In den vergangenen zehn Jahren zählte das Festival durchschnittlich 200.000 Besucher:innen pro Ausgabe (40.000 pro Tag, mit einem Rekord von 319.000 verkauften Tickets im Jahr 2022).
Das Wachstum zog neue Partner an: Neben den Ständen der Messe mit allen wichtigen italienischen Comic-Verlagen und seit einigen Jahren auch einigen internationalen, einem Bereich für unabhängige Comics sowie dem Pavillon, in dem Originalzeichnungen verkauft werden, sind inzwischen auch andere bedeutende Akteure der Unterhaltungsbranche vertreten. Darunter alle bedeutenden Film- und Fernsehproduktionsfirmen (Warner Bros., Netflix, Prime Video), Herausgeber von Brett- und Kartenspielen (wie „Magic“), Videospielhersteller (Nintendo, Playstation und viele andere), Merchandise-Anbieter (Funko Pop) und Sammlerspiele (Lego).

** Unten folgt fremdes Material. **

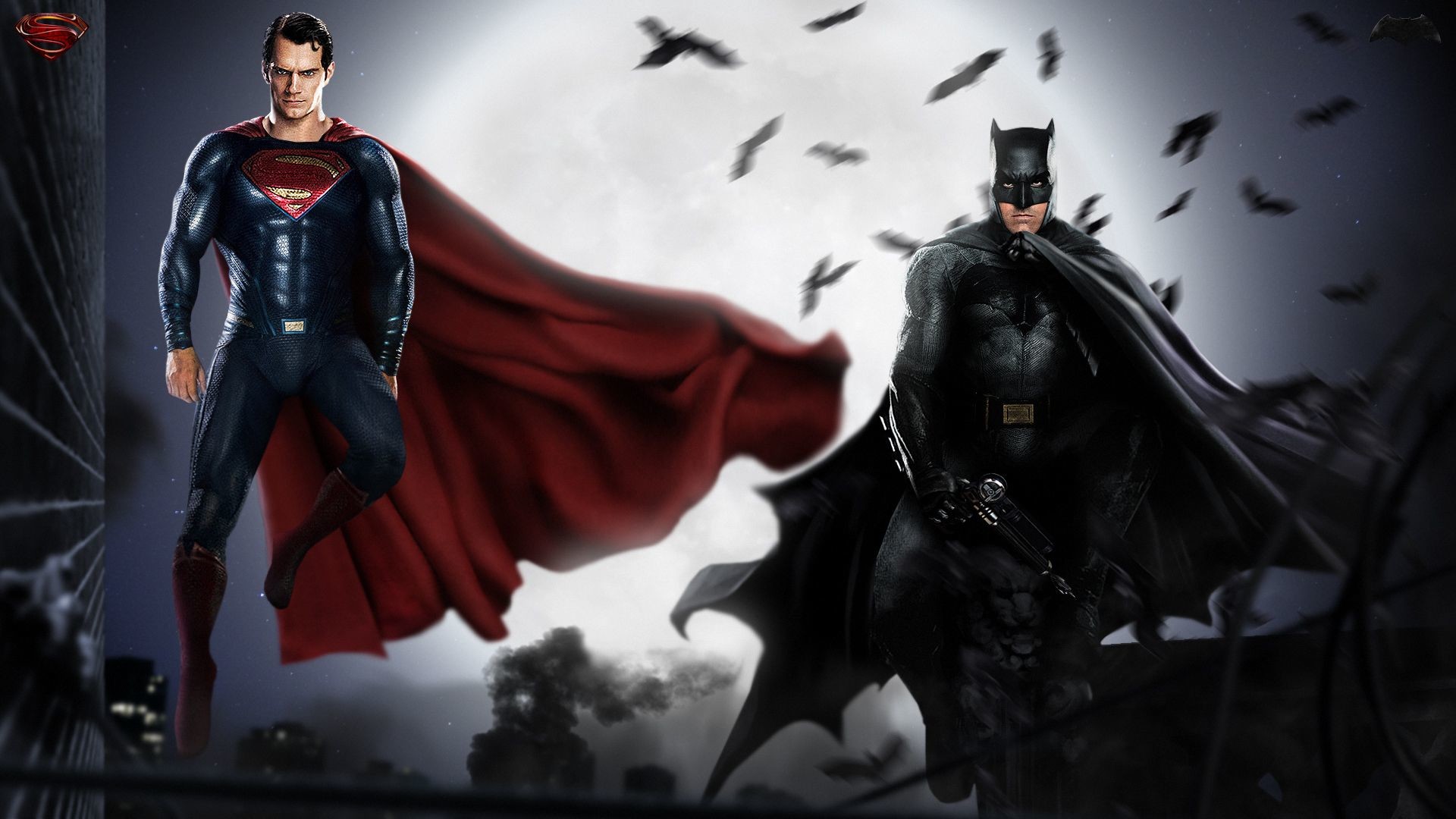 HQ Batman Vs Superman Wallpaper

© Imago/Enrico Mattia Del Punta
Doch Lucca ist nicht nur ein großer Markt: Begegnungen, Workshops für die Kleinsten, Showcases und Ausstellungen von hohem künstlerischem Rang schaffen ein äußerst reichhaltiges Programm, das nicht nur ein Treffpunkt für die Mitglieder unterschiedlicher Communities ist, sondern auch dazu dient, die kulturelle Dimension von Unterhaltungsprodukten zu erleben und internationale Gäste von höchstem Niveau zu treffen.
Im Laufe der Jahre gaben sich hier Autor:innen und Künstler:innen von Weltrang die Ehre: Wenn man sich auf die Comics konzentriert, kann man Stan Lee und Jack Kirby, Moebius und Hugo Pratt nennen, ebenso wie Will Eisner, bis hin zu erfolgreichen Mangaka der vergangenen Jahre wie Naoki Urasawa („20th Century Boys“, „Pluto“), Kōhei Horikoshi („My Hero Academia“), Hirohiko Araki („JoJo’s Bizarre Adventure“) und viele andere asiatische Autor:innen. Im bisherigen Rekordjahr 2024 waren gleich zwölf Autor:innen aus Japan, China, Korea, Taiwan und Vietnam anwesend.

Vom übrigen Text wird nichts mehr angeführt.